Megalithic tomb - wedge tomb, Doire Na Sagart, Co. Cork
Co. Cork |
Megalithic Tombs
High on a south-facing slope of Knockacommeen in the Derrynasaggart Mountains, a prehistoric tomb sits partly exposed in cut-away bog, its stones tilted and scattered but still legible as a structure that someone, several thousand years ago, went to considerable effort to build in a remote and elevated place.
What makes the situation quietly striking is that the monument was, until relatively recently, entirely swallowed by peat. The bog preserved it and then, as the surrounding ground was cut away for fuel, gave it back.

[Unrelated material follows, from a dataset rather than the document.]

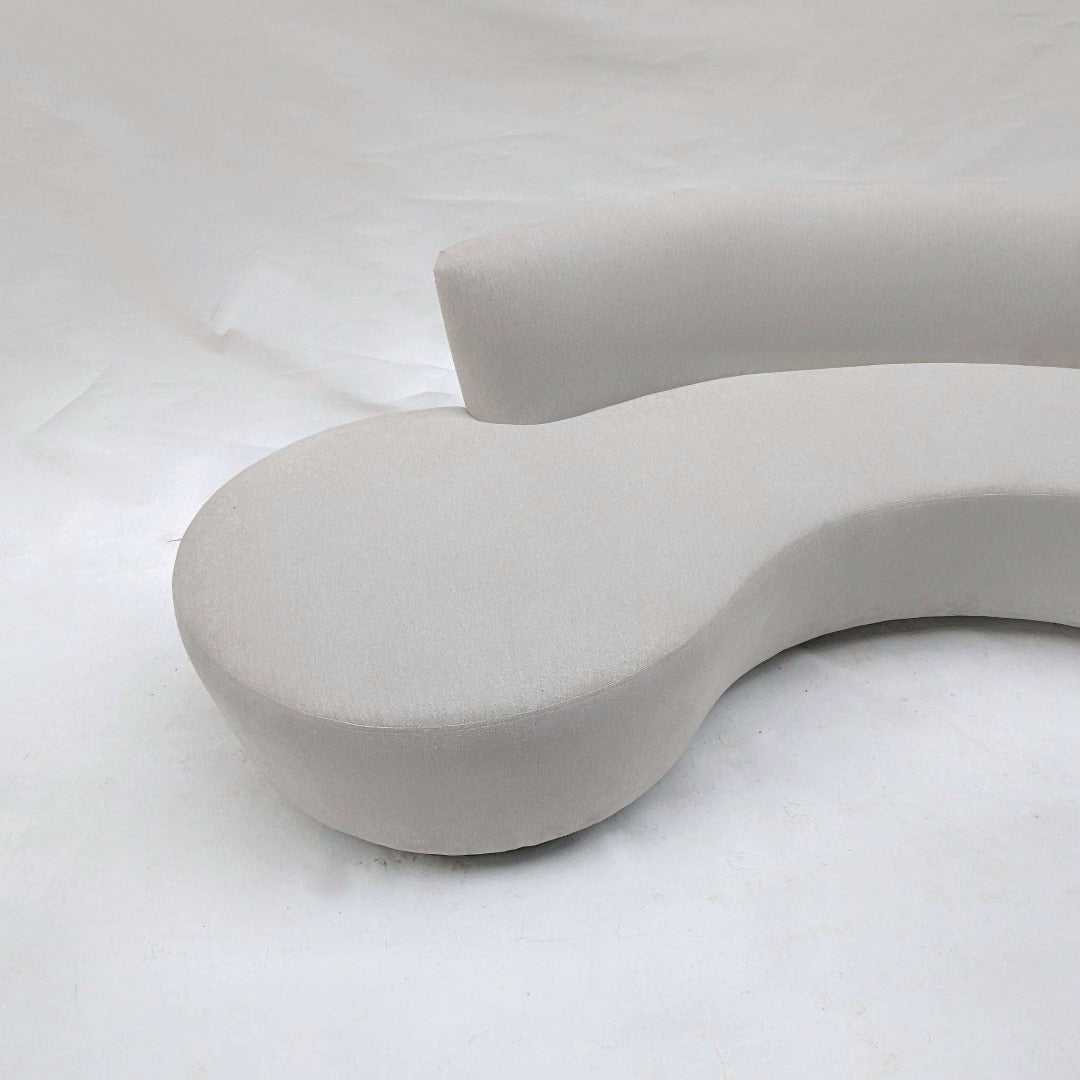 A curved contour couch, designed with sleek lines and ergonomic curves to provide both style and comfort. Its contoured shape follows the natural curves of the body, offering support and relaxation, while adding a modern touch to any living room.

The tomb belongs to the wedge tomb tradition, a class of megalithic monument found predominantly in the west and south of Ireland and generally dated to the late Neolithic and early Bronze Age, roughly 2500 to 2000 BC. Wedge tombs take their name from their characteristic profile: the gallery is typically wider and higher at the western or south-western end and tapers toward the east. That pattern holds here. The ruined gallery measures about 2.8 metres long and roughly a metre wide, aligned on a NE-SW axis. Large sidestones run along the north and south of the chamber, overlapped at the western end by two lower slabs. An inset backstone closes the eastern end, and a sill-like stone marks the western entrance. A single buttress-stone sits outside the gallery to the south, possibly bracing one of the larger uprights. Two further upright slabs flanking the western end may represent the remains of an outer wall, a feature found on other wedge tombs where a second skin of stonework enclosed the main chamber. The displaced roofstone now lies at the south-eastern end of the gallery, presumably slipped or toppled at some point after the enclosing peat began to recede. Séan Ó Nualláin documented the monument in 1989 as part of his systematic survey of Irish wedge tombs.